You want me to go with you...

To visit some geriatric player that cosplays as a reclusive martial artist...

Just because we didn't have a 'training' arc?!

Are FUCKING KIDDING?!?"

The idea, as most catastrophically stupid ideas do, originated with Andrew.

Earlier...

"I've found him," Andrew announced, appearing in the doorway of Caleb's quarters with the look of a man who had either made a groundbreaking discovery or was seconds away from causing a disaster. Knowing Andrew, the odds strongly favored the latter. "The old master. The recluse. I tracked him down."

Caleb did not look up from the ceramite bracer he was polishing. "What old master. What are talking 'bout?"

"The old master. Bro, he's legendary on the forums," Andrew said, like those words alone should have carried the force of divine revelation. He stepped into the room without waiting for permission and dropped a crumpled piece of parchment onto the table with all the ceremony of a priest unveiling sacred scripture.

"His name is Jake Paul. Lives alone in the Gobi-Wan Desert, southeast quadrant of Perditia. Wants nothing to do with civilization. According to the rumors, he hasn't spoken to another player in forty years."

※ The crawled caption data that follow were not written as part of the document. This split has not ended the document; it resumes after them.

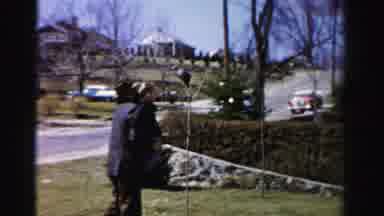 Albany New York (1955): Person Wearing Black Jacket Carries Small Child On A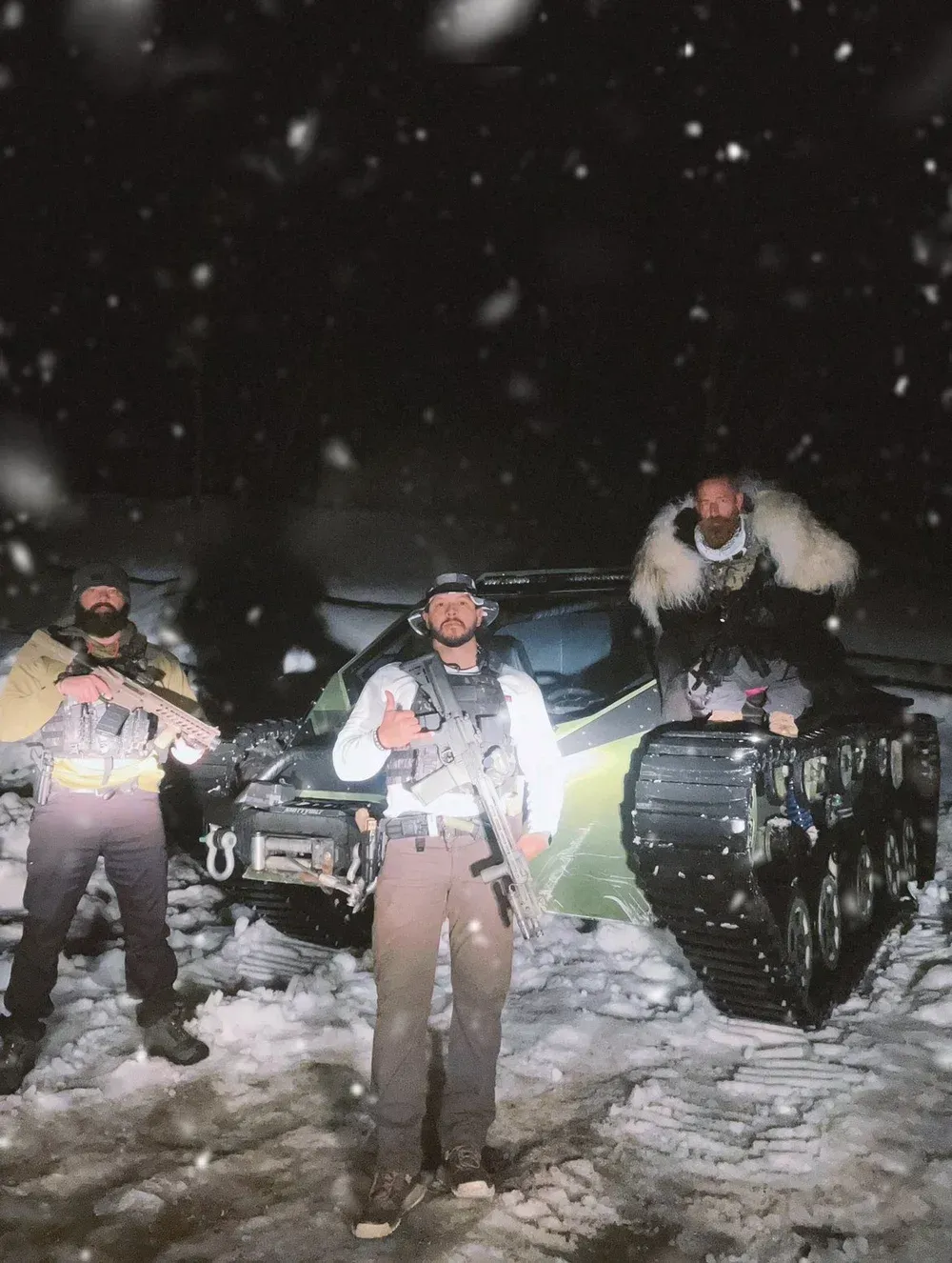 Three men in winter gear stand near a tracked vehicle in snow. Dark sky.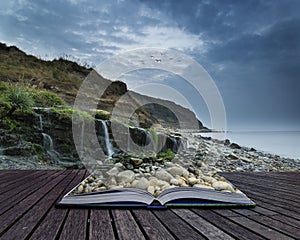 Landscape image of wide waterfall flowing onto rocky beach at sunrise conceptual book image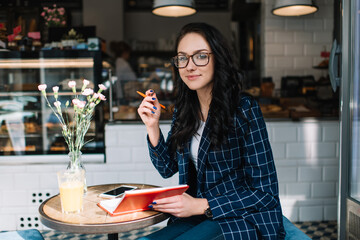 Young woman with notebook in cafe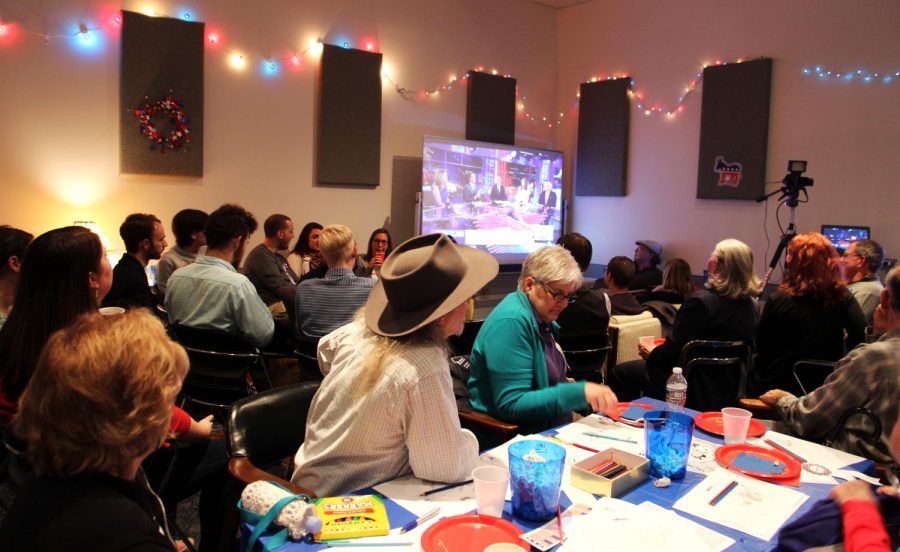 A crowd watches the election results come in during the first ever WKSU election night watch party. The event was created as a way to get the community involved with broadcasting and politics. ​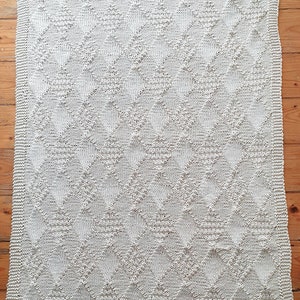 Könnte beinhalten: Eine cremefarbene gestrickte Decke mit einem Rautenmuster. Die Decke ist aus weichem Garn gefertigt und hat eine dezente Textur.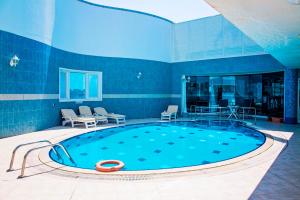 a large swimming pool in a room with chairs at Platinum Hotel Apartments in Abu Dhabi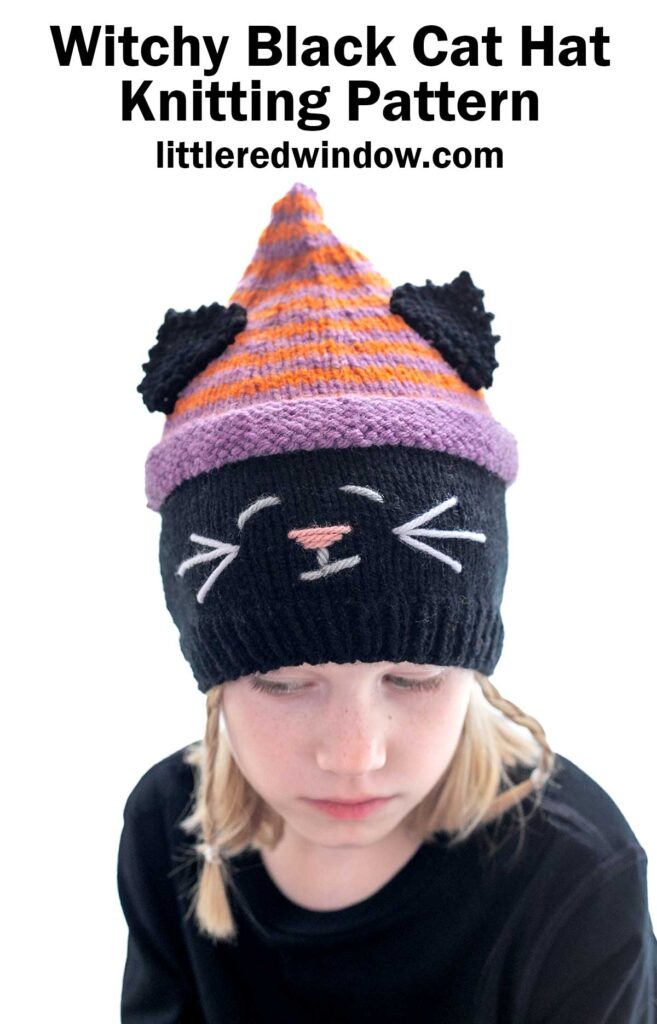 A person is wearing a knitted hat that looks like a black cat with a striped purple and orange top section. The hat features black cat ears, white whiskers, a pink nose, and white eyes. The text above the image reads 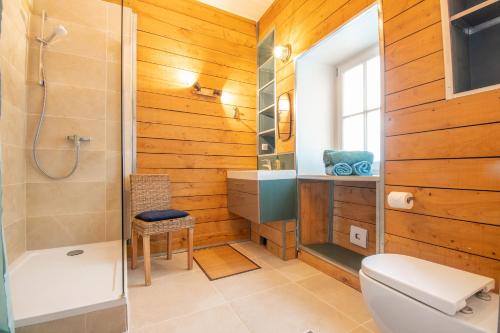La salle de bains est pourvue de murs en bois, d'une douche et de toilettes. dans l'établissement Superbe Appartement Calme 85m², à deux pas du Centre, à Nantes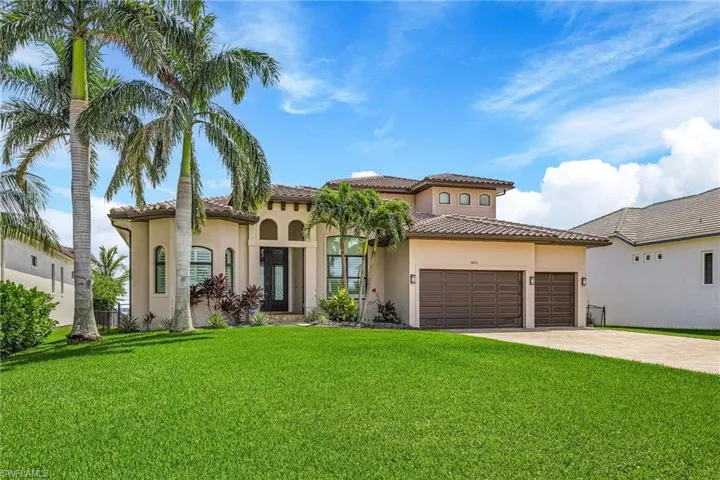 Mediterranean / spanish-style home featuring a garage and a front yard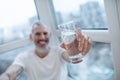 A bearded mature man holding a glass with water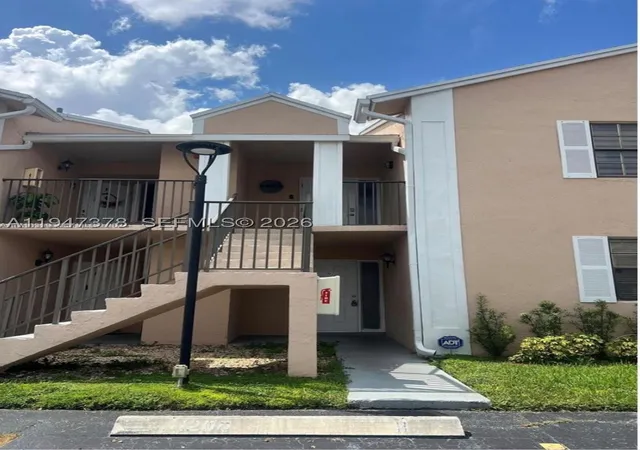 Listing Photo 1 - Condo for sale in building located at 1200 N Liberty Ave, Homestead, FL 33034 - Unit #1200G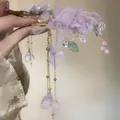 Close-up of purple fabric flower hair clip with delicate mesh petals and long tassels - Purple Flower Tassel - Duckbill Clip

Caleb picked up the parchment.The handwriting was barely legible. At the bottom, someone had drawn a small sun with a smiley face, and underneath it the words: bring suncreen.

"Where the hell did you get this."

"Archer."

Caleb set the parchment down. "I'm not going."

"Bro you need to train, you got dropped to one knee by a Space Wolf."

"He also dropped to one knee."

"Yeah, but he had insane aura doing it," Andrew said, dragging over a chair and sitting on it backward. "Bro, look at us. We're Astartes. Angels of Death. Warriors of the Imperium. And somehow our duel got interrupted by what felt like a sponsored ad break. That is actually diabolical."

"That was Cohen's fault."

"Everything is Cohen's fault. That's not even the issue," Andrew said, waving a gauntleted hand dismissively. "The point is, we still got crazy room for a glow-up here. Imagine the boost to our power levels! We might even reach helmetless Astartes level of power!"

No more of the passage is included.